Trump tax reform – 1st quick report

Note from the author, one day after the initial publication of this post.

It’s pretty funny. My Democrat friends ripped me for not condemning the evil tax reform. My Republican friends ripped me for not cheering President Trump loudly. And I was simply trying to share facts about taxes. Welcome to 2018.


So, the Trump tax reform has arrived. There was a lot of anxiety as the proposals were taking shape. As I predicted in my earlier (and now irrelevant) post, the end result is totally different, and there was no need to overreact and panic.

Sadly, the information about preliminary proposals and the final bill is all mixed up, so nobody knows for sure what to believe anymore. I will be writing about the tax reform in detail soon, but meanwhile here is a very basic overview.

Trump campaign promises v. reality

  • Major simplification of the tax code? To some degree, for families with straightforward financials.
  • Major tax breaks for the middle class? Not even close.
  • Major tax breaks for corporations? Absolutely. Big business is the big winner.
  • Major tax breaks for small businesses? Depends on what you consider major, but certainly some.
  • Obamacare repeal? Not exactly a repeal, but pretty close to it.


False alarms: things that did NOT happen

“Investors won’t be able to deduct property taxes and mortgage interest”
Whoever started this panic was way off. It never was a threat for investors. The new rules had to do with personal residences, not with investment properties.

“Capital gain exclusion on personal homes will become 5 out of 8 years”
Nope. No changes. Still 2 out of 5 years.

“Rental income will become subject to self-employment tax”
Nope again. Still excluded from this pesky tax. Breathe.

“Cash-flowing landlords will not have the tax benefits of other businesses”
Another bullet dodged. Landlords are included, too.

“1031 exchanges will disappear”
Nope. You can still exchange. There are some new rules, but the basics of 1031s are intact.

“Everyone will need to convert to C-corporations”
Not everyone for sure. Some highly profitable businesses – possibly.

“Everyone will need to create LLCs and S-corporations for 2018”
As of today – no new reasons to. But stay tuned on this one.

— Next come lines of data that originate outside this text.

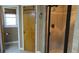 Bathroom featuring a glass-enclosed shower and neutral tile finishes at 7180 Westray Rd, Cumming, GA 30028
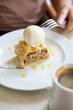 Woman eating apple strudel pie served with vanilla ice cream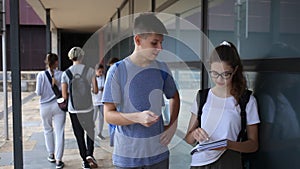 Two teenage students discussing while standing with workbooks near college building on autumn day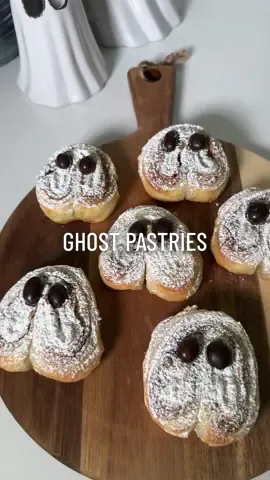 Pastry ghosts 👻 Lay out thawed pastry sheet Spread whatever filling you'd like, l used cookie butter Lay another sheet of pastry  Cut and shape into hearts upside down Top with egg wash and cinnamon sugar (optional) Bake at 400 for 10-12 minutes Top with powdered sugar and peanut mms for eyes 👻 🤍 Tip: Soak your skewers in water before so they don't burn #halloween2021 #halloweentreat #ghost #pastry 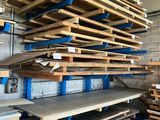 many pallets of wood stacked on the shelves in the warehouse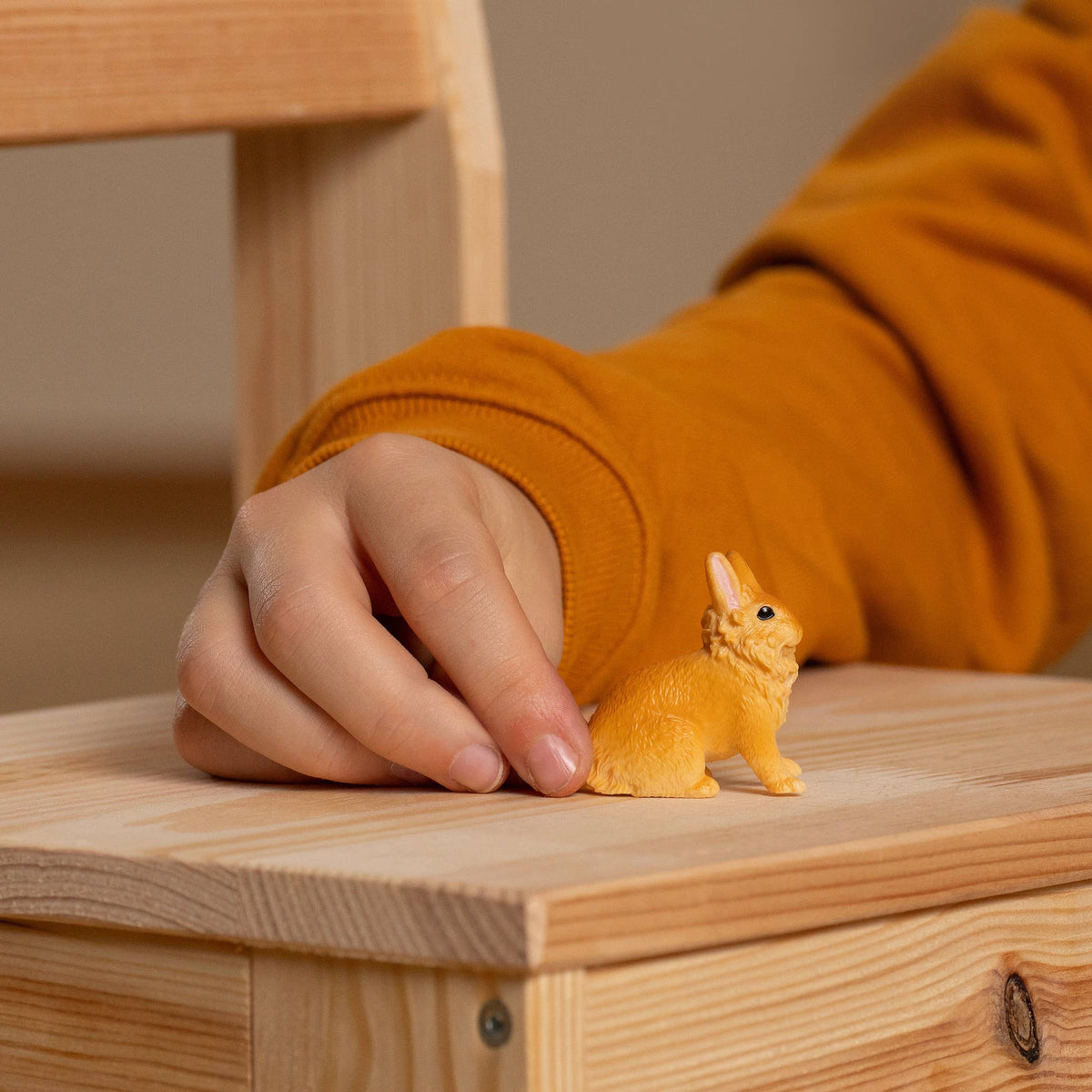 A small yellow rabbit figurine sits on a light wood surface, with a person's hand resting near it and a mustard-orange sleeve visible in the background.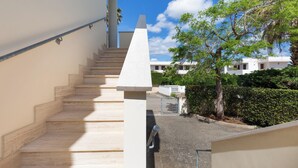 Eine Treppe führt zu einem Gebäude, im Hintergrund ein klarer Himmel und Bäume.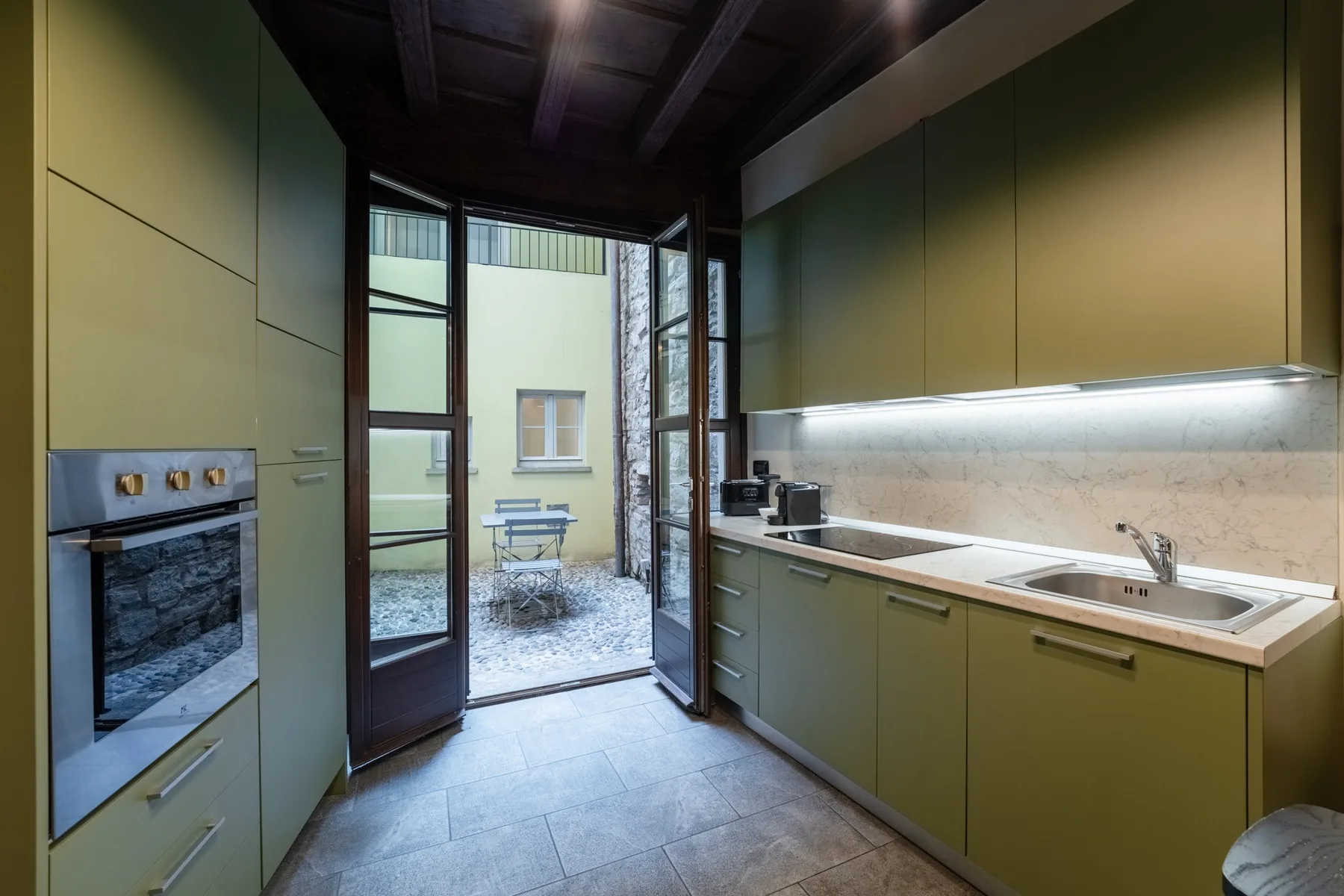 Una cocina moderna con gabinetes verdes y puertas de vidrio que dan a un pequeño patio.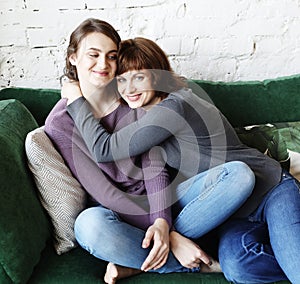 Happy senior mother embracing adult daughter laughing together, older lady hugging young woman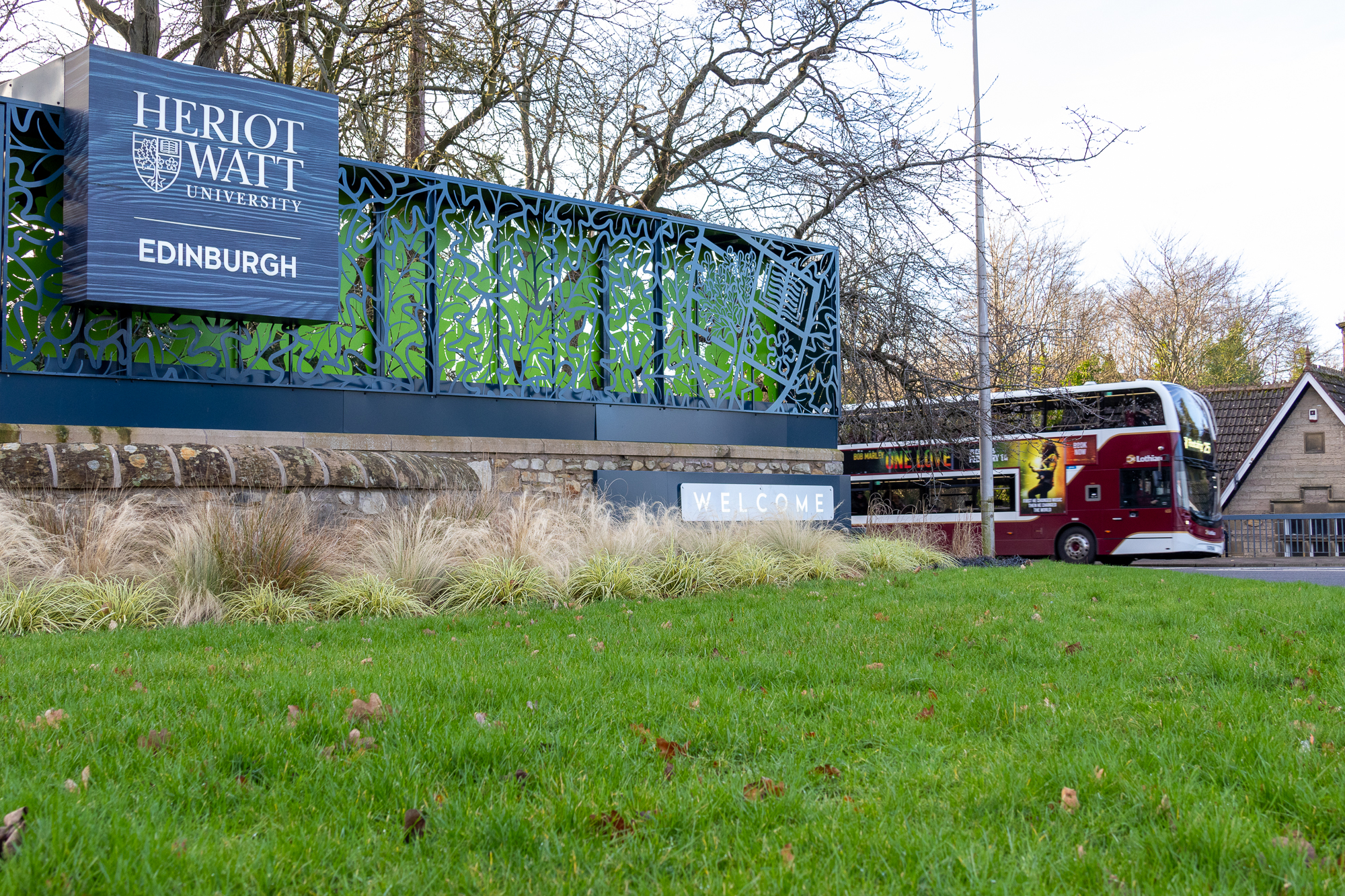 An entrance sign for Heriot-Watt University with a bus driving in the background.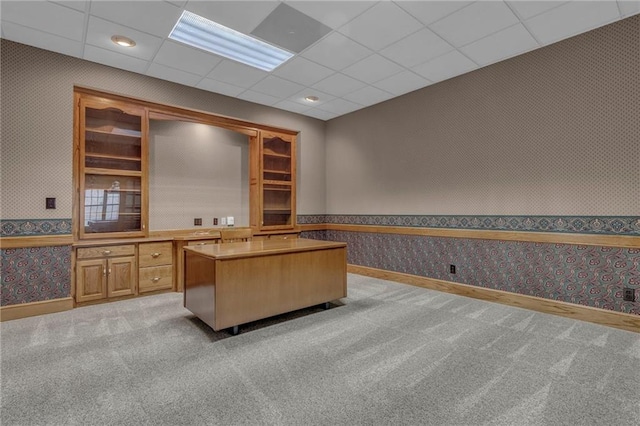 office space featuring light carpet, wallpapered walls, and baseboards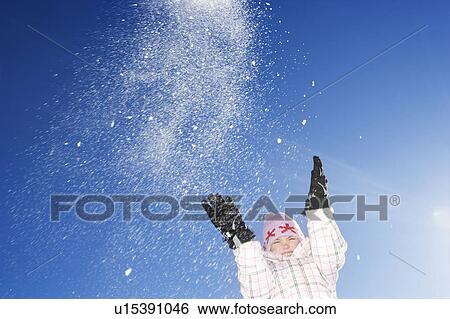 Stock Photograph - Young girl throwing snow in the air. Fotosearch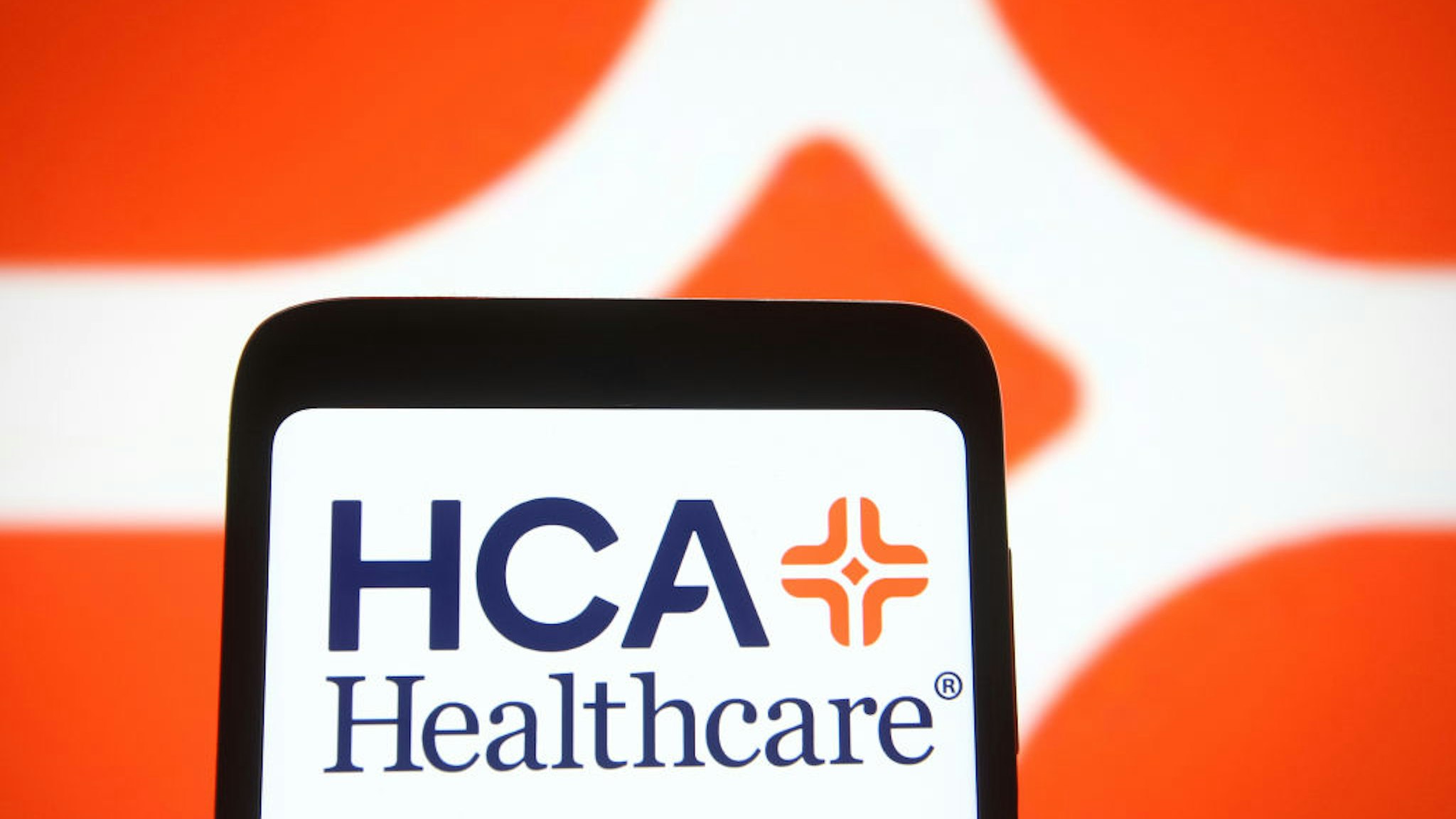 UKRAINE - 2021/04/23: In this photo illustration, the HCA Healthcare logo seen displayed on a smartphone and a pc screen.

What should be done before 2017 is over?

Because most of the troublesome preliminary provisions are dead, so are the suggestion to prepare for them. The urgency level for the end of 2017 is moderate, no more than usual.

Please make sure to re-read my old but still relevant posts about Tax planning in December and specifically about Paying property taxes in December. These principles and suggestions still work.

Today, I’m only bringing up new considerations, specifically caused by the Trump reform.

Pre-pay 2017 property taxes on your personal residence.
This is not an absolute rule, but it should be a wise move for most people, not just investors. Because of the new law, you may lose the tax benefit of property taxes on your homestead. So make sure the bill is paid in 2017.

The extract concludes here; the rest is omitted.